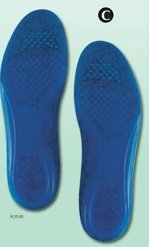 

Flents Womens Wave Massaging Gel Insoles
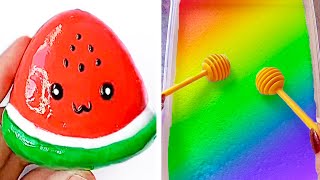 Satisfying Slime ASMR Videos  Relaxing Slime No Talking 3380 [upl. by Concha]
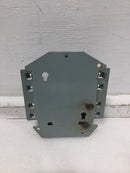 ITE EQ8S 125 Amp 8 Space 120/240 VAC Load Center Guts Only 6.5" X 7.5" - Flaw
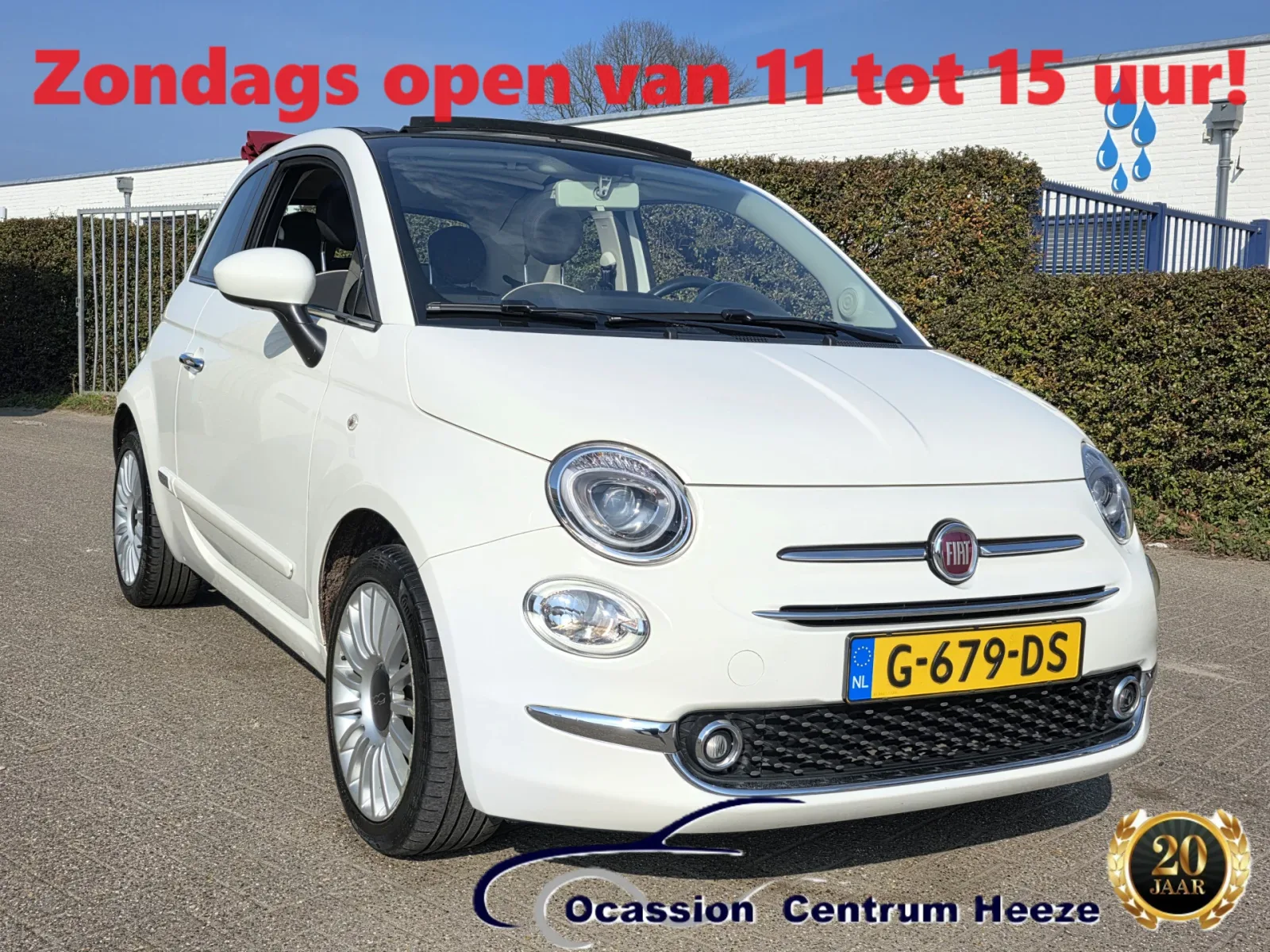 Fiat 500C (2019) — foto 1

====

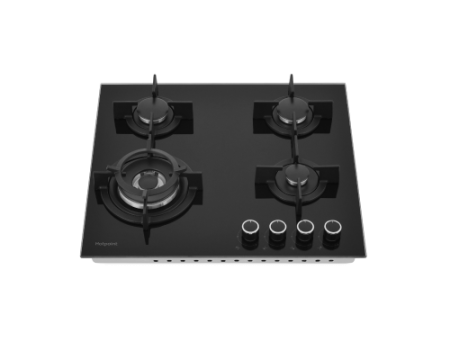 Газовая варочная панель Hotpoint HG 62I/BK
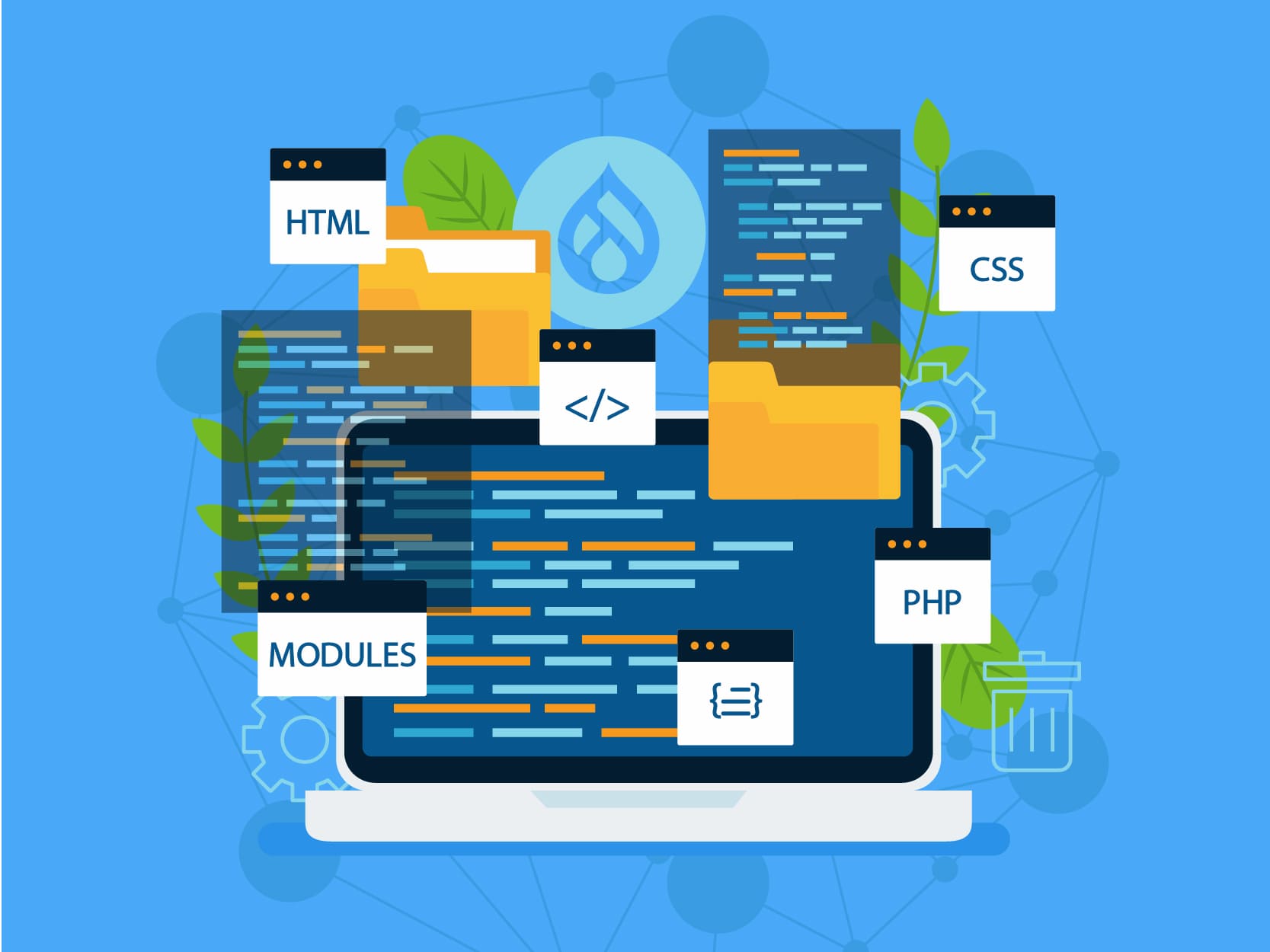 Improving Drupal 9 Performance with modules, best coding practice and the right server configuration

====

Return the lines above from the one with "Satisfying Slime ASMR" through the one with "Fiat 500C (2019) — foto 1", verbatim and nothing else. Omit every picture.

 Satisfying Slime ASMR Videos  Relaxing Slime No Talking 3380 [upl. by Concha]
 ITE EQ8S 125 Amp 8 Space 120/240 VAC Load Center Guts Only 6.5" X 7.5" - Flaw
 Fiat 500C (2019) — foto 1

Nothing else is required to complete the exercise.